Die Entscheidung macht deutlich, wie gefährlich schematische Entscheidungen sind. Man sollte sich immer Art. 22 DSGVO vor Augen halten, der besagt, dass eine betroffene Person das Recht hat, nicht einer ausschließlich auf einer automatisierten Verarbeitung – einschließlich Profiling – beruhenden Entscheidung unterworfen zu werden, die ihr gegenüber rechtliche Wirkung entfaltet oder sie in ähnlicher Weise erheblich beeinträchtigt. Im vorliegenden Fall war die DSGVO jedoch nicht maßgeblich, vielmehr genügte der Rückgriff auf das deutsche Antidiskriminierungsgesetz (AGG).
Dazu auch bei uns: Zulässige Altersdiskriminierung bei Verweigerung von Ratenzahlungen für ältere Menschen
Sachverhalt
Der bei Klageerhebung 88-jährige Kläger ist Vorsitzender Richter am Bundesarbeitsgericht a.D. und bezieht derzeit eine Pension von mehr als 6.400,00 € monatlich.
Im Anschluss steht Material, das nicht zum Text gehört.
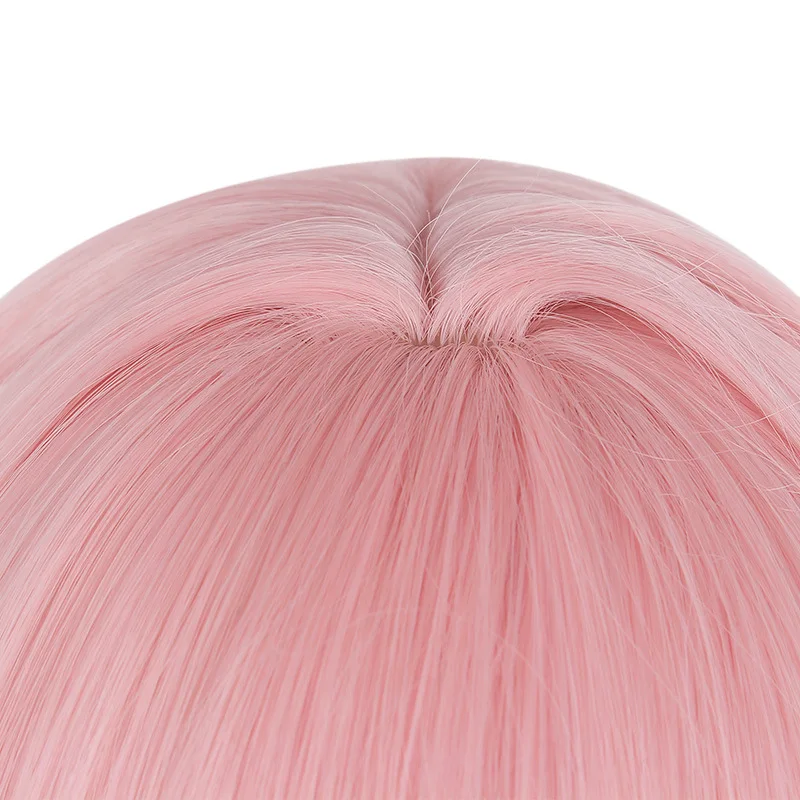 Thumbnail 3 - #20 Best Fashion Style Wigs to Buy In 2026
Im September 2022 beantragte er bei der Beklagten über deren Internetportal eine Kreditkarte mit einem Verfügungsrahmen von 2.500,00 € und unbefristeter Laufzeit. Mit E-Mail vom 10.10.2022 lehnte die Beklagte den Antrag des Klägers mit der Begründung ab, dass die Rückzahlungsprognose für einen über eine Kreditkarte gewährten Kredit angesichts des Alters des potenziellen Kreditnehmers ungünstig sei.
Entscheidung des Gerichts
Das Gericht bejahte einen Anspruch auf eine angemessene Entschädigung nach § 21 Abs. 2 Satz 3 AGG, da die Weigerung der Beklagten, mit dem Kläger einen Kreditkartenvertrag abzuschließen, gegen das Benachteiligungsverbot des § 1 AGG verstoße.
Nach § 21 Abs. 2 Satz 3 AGG darf eine Benachteiligung wegen des Alters nicht erfolgen. Dieses Benachteiligungsverbot gilt nach § 2 Abs. 1 Nr. 8 AGG auch für zivilrechtliche Verträge. Das in der Vorschrift genannte Tatbestandsmerkmal des Zugangs zu und der Versorgung mit Gütern und Dienstleistungen für die Öffentlichkeit ist jedenfalls dann erfüllt, wenn ein Unternehmer den Abschluss von Verträgen allgemein öffentlich – z.B. wie hier über das Internet – anbietet.
Die weitere Einschränkung des § 19 Abs. 1 Nr. 1 AGG, dass ein sogenanntes Massengeschäft vorliegen muss, war hier aus Sicht des Gerichts ohne Weiteres erfüllt (mit der Folge, dass es angesichts des wechselseitigen Parteivortrags insoweit keiner Beweisaufnahme mehr bedurfte!).
Ein Massengeschäft liegt vor, wenn es sich um Verträge im Bereich der Konsumgüterwirtschaft und/oder über standardisierte Dienstleistungen handelt und nach der Verkehrssitte bei generalisierender, typisierender Betrachtungsweise persönliche Merkmale typischerweise keine Rolle spielen. Dies war hier der Fall, da Banken und vergleichbare Unternehmen Kreditkartenverträge mit jedermann abschließen, der über eine hinreichende wirtschaftliche Bonität verfügt. Das scheinbar persönliche Merkmal eines bestimmten Vermögens oder Einkommens sei daher kein solches, das das Massengeschäft ausschließe. Denn durch das Unterscheidungskriterium der ausreichenden Bonität wird nur ein vergleichsweise kleiner Teil der volljährigen (und damit rechtlich unbeschränkt geschäftsfähigen) Bevölkerung ausgeschlossen.